In some cases, there may not be a need for exact precision of the result, and for such cases, in one embodiment, some of the initial least significant bits shifted out are discarded, thus reducing the precision.
One embodiment of the accumulation phase keeps track of the maximum and minimum values of the exponents encountered. Let emax and emin respectively denote the maximum and minimum values of the exponents encountered. In one embodiment of the reconstruction phase, the extracting of the LSBs of the result loops between emin and emax instead of between 0 to Neβ1. The result, in such a case, will be up to a scaling factor of 2emin, and there are only emaxβemin+1 partial sum registers.
Some embodiments provide less than the full accurate results, and this may be sufficient for many applications. In such a case, rather than having the extracting of the result loops be between emin and emax, the looping is between emaxβΞe and emax and there are Ξe+1 partial sum registers. The result, in such a case, will be up to a scaling factor of 2emaxβΞe.
FIG. 2 shows a simplified schematic of a system 200 implementing the method described above. Not shown in the drawing are such aspects as the clock circuitry, the circuitry for setting and resetting registers to zero, and the logic that detects a floating-point value of zero to disables writing back the value.

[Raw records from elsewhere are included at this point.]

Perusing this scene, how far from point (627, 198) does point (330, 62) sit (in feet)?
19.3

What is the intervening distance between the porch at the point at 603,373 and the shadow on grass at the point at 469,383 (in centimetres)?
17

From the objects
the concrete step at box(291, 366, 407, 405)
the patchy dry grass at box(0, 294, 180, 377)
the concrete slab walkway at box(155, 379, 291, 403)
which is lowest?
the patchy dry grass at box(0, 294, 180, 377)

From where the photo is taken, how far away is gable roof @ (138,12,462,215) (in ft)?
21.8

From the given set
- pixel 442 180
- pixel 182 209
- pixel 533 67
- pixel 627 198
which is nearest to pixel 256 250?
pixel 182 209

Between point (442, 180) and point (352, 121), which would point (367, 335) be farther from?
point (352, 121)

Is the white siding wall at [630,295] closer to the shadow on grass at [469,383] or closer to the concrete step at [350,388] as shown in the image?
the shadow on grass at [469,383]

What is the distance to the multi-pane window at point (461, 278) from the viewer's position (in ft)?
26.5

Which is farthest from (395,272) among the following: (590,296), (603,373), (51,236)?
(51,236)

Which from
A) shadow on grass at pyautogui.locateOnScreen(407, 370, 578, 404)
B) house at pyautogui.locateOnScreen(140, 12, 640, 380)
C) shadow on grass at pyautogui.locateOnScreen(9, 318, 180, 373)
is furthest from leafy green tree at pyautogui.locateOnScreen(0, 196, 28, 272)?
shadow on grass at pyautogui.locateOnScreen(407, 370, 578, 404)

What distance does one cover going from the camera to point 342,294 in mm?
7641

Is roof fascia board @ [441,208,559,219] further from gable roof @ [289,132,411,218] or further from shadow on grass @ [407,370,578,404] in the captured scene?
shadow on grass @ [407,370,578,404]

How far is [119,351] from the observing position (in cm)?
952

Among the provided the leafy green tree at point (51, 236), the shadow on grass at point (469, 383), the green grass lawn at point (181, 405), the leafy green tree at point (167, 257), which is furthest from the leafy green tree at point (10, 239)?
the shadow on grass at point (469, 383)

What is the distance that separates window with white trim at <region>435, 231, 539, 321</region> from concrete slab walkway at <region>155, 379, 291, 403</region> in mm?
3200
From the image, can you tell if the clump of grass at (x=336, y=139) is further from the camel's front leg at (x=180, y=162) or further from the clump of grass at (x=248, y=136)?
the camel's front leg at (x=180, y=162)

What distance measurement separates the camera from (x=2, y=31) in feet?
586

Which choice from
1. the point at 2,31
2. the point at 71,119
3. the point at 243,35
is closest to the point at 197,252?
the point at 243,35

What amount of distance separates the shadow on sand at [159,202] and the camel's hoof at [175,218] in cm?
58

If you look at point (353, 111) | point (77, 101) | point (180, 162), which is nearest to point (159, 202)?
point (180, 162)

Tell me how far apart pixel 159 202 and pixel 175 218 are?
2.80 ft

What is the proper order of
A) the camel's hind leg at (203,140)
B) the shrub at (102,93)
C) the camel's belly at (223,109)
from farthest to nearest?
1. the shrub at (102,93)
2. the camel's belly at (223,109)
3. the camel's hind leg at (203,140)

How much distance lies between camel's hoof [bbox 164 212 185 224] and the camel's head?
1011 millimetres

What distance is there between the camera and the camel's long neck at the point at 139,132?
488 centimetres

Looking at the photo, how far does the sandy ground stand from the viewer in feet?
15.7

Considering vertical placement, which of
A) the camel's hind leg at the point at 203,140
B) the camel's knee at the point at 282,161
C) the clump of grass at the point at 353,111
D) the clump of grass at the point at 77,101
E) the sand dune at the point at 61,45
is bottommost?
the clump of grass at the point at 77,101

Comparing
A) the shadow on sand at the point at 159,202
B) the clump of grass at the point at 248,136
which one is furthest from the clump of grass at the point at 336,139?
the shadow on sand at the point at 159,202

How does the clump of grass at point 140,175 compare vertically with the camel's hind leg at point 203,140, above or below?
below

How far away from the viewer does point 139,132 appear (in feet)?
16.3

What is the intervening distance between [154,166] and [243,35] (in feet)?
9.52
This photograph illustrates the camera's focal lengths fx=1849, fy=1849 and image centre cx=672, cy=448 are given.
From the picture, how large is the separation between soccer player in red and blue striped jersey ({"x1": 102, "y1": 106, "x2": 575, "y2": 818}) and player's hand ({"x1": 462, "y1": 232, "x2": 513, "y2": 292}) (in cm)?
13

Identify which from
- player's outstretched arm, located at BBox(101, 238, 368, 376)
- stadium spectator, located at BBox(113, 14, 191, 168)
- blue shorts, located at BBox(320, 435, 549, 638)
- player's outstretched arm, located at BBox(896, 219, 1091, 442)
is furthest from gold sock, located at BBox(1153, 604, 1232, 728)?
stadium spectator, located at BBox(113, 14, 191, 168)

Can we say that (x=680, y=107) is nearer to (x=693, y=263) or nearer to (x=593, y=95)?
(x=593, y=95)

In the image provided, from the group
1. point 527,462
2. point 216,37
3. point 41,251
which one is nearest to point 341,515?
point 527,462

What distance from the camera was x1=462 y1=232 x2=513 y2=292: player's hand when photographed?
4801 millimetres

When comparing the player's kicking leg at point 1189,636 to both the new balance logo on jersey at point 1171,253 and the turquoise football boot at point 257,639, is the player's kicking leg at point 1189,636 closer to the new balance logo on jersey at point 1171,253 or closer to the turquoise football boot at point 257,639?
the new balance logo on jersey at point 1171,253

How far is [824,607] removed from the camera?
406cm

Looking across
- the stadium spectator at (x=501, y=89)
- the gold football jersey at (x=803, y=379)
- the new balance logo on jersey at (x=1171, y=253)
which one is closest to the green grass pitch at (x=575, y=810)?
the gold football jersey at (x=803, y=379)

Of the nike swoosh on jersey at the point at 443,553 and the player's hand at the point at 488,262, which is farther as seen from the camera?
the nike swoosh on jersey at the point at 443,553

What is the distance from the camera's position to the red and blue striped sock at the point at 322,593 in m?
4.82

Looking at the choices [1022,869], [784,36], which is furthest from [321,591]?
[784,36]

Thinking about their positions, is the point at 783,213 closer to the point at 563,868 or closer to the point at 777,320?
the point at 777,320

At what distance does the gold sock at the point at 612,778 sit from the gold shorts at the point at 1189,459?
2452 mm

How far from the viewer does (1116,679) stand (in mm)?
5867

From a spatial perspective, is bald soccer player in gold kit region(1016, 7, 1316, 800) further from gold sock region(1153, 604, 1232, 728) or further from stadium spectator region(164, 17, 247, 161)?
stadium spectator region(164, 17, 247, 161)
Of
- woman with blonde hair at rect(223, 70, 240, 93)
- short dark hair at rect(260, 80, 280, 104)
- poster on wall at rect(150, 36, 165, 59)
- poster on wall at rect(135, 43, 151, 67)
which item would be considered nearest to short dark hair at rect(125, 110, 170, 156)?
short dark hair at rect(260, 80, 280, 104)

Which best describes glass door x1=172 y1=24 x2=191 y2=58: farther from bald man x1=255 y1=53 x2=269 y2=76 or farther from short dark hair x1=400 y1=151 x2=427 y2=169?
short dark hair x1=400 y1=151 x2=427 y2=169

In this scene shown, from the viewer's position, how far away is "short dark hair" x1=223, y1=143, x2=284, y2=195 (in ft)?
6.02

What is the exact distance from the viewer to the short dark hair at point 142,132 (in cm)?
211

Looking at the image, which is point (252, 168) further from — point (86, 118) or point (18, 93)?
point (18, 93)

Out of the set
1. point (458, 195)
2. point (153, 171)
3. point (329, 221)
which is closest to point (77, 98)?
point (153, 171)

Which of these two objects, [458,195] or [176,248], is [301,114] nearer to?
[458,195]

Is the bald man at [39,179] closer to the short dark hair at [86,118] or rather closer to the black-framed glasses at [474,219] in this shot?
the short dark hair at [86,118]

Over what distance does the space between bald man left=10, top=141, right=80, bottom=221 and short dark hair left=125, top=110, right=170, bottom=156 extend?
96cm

System 200 includes a clocked accumulation subsystem 211 that accepts one of the N input floating-point numbers to be added, the accepting one at a time. Let ne be the number of bits of the exponents and nm be the number of bits of the mantissas of the input floating-point numbers. The accumulation subsystem 211 includes at most Ne=2ne partial sum registers, one for each partial sum, and an adder/subtractor 217 that adds or subtracts a sum of mantissas from one of the partial sum registers to the mantissa input of the input floating-point number (with the hidden mantissa β1β bit), the adding or subtracting depending on the sign bit of the input floating-point number. The partial sum registers of subsystem 211 accept the adder/subtractor output. In order to avoid overflowing, in one embodiment, each partial sum register contains an extra nv bits. In the worst case nv=ceil(log2 (N)), and this is extremely unlikely to occur in practice as it assumes that all the N numbers being added have the same exponent and the largest possible mantissa. In one embodiment preparing for adding about 10,000 numbers, nv was selected to be 12.

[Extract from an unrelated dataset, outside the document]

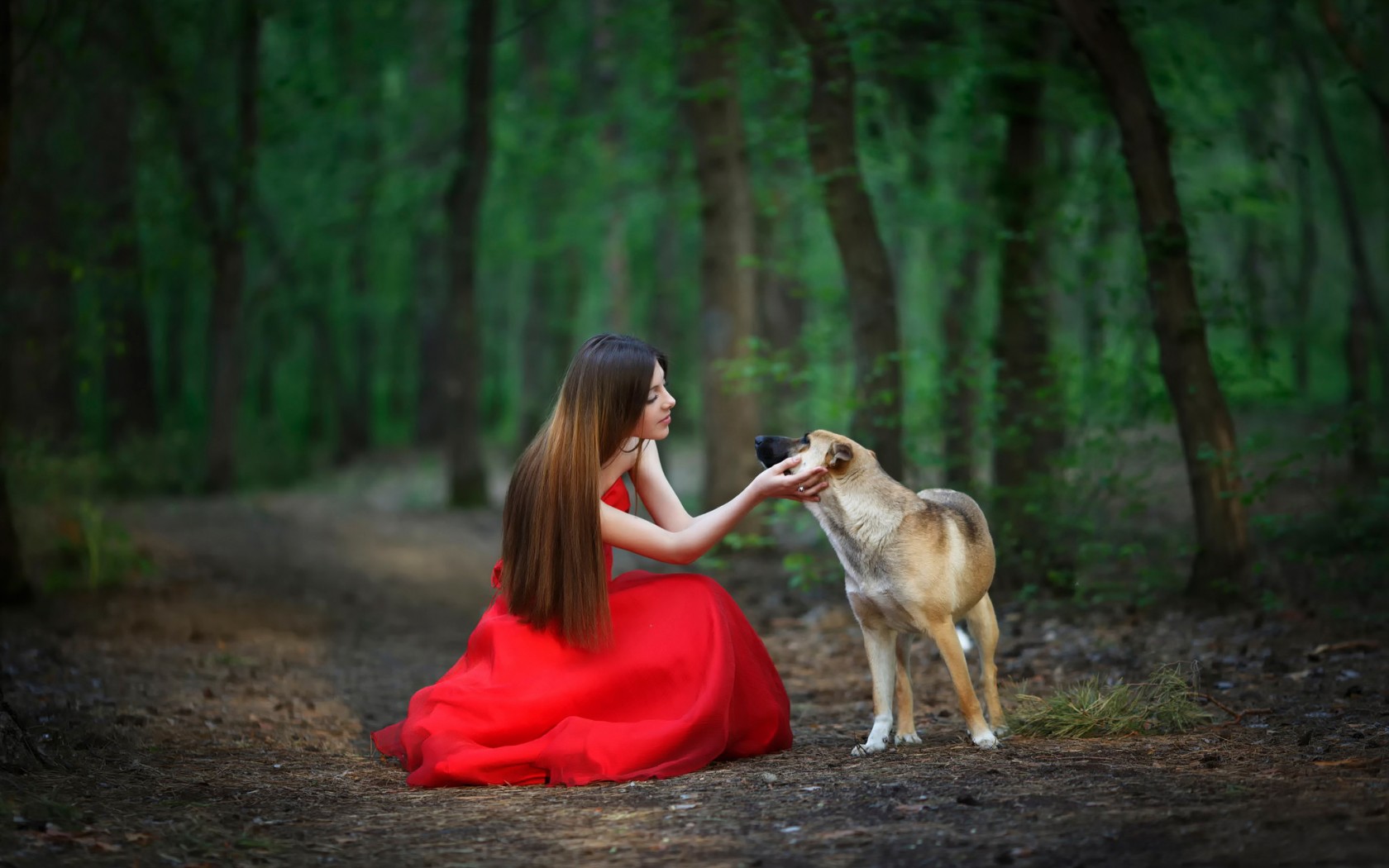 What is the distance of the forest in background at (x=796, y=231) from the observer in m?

Initially, the system 200 starts with all the partial sum registers set to zero. During accumulation phase, for every floating-point number that is input, the mantissa is reconstructed by including the hidden β1β bit. A decoder 213 accepts the exponent bits and enables the partial sum register corresponding to the exponent. A multiplexor 215 accepts the exponent bits and determines which partial sum register (containing the reconstructed mantissa with the hidden bit included) is read out and added or subtracted using adder/subtractor 217 to the mantissa according to the sign. The result is then stored back into the same partial sum register corresponding to the exponent bits. This happens in the same clock cycle.
The system 200 includes a clocked reconstruction subsystem 231 that is used for the reconstruction phase. The partial sums are read sequentially from the partial sum registers (for example, using multiplexor 215 by providing sequential addresses through the exponent input) and the final result is reconstructed with an accumulator-register 237, a shifter 233, and an adder 235 as described in the pseudo-code of FIG. 1B. The output of the adder is input to the shifter and the shifted quantity is input back to the accumulator-register 237. During each cycle of the reconstruction phase, a result bit is output by shifter 233 starting with the LSB of the result. It takes at most Ne cycles for the complete reconstruction phase, at the end of which the most significant bits of the result are in accumulator-register.
For clarity, not shown in the drawing is the clocking circuitry, and a circuit that initially sets to zero the partial sum registers, including at the end as they are read out. Note that the partial sum registers do not need to be cleared if more numbers are to be added.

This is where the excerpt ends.